Activity
Could you print out every entry, character for character?

Caption-style text data
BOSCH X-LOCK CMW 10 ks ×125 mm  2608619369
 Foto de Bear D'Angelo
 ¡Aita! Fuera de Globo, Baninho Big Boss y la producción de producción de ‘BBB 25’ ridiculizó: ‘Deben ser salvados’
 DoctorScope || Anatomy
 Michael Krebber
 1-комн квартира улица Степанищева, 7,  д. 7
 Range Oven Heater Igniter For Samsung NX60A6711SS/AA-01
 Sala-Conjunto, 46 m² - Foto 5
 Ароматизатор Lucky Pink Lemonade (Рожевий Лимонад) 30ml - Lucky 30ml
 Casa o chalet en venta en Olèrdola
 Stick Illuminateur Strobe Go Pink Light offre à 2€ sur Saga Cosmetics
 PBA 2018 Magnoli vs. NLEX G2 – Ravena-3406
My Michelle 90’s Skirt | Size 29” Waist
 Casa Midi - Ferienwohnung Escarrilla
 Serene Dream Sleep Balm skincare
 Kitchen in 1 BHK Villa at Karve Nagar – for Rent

Solved exercise
BOSCH X-LOCK CMW 10 ks ×125 mm  2608619369
 Foto de Bear D'Angelo
 ¡Aita! Fuera de Globo, Baninho Big Boss y la producción de producción de ‘BBB 25’ ridiculizó: ‘Deben ser salvados’
 DoctorScope || Anatomy
 Michael Krebber
 1-комн квартира улица Степанищева, 7,  д. 7
 Range Oven Heater Igniter For Samsung NX60A6711SS/AA-01
 Sala-Conjunto, 46 m² - Foto 5
 Ароматизатор Lucky Pink Lemonade (Рожевий Лимонад) 30ml - Lucky 30ml
 Casa o chalet en venta en Olèrdola
 Stick Illuminateur Strobe Go Pink Light offre à 2€ sur Saga Cosmetics
 PBA 2018 Magnoli vs. NLEX G2 – Ravena-3406
My Michelle 90’s Skirt | Size 29” Waist
 Casa Midi - Ferienwohnung Escarrilla
 Serene Dream Sleep Balm skincare
 Kitchen in 1 BHK Villa at Karve Nagar – for Rent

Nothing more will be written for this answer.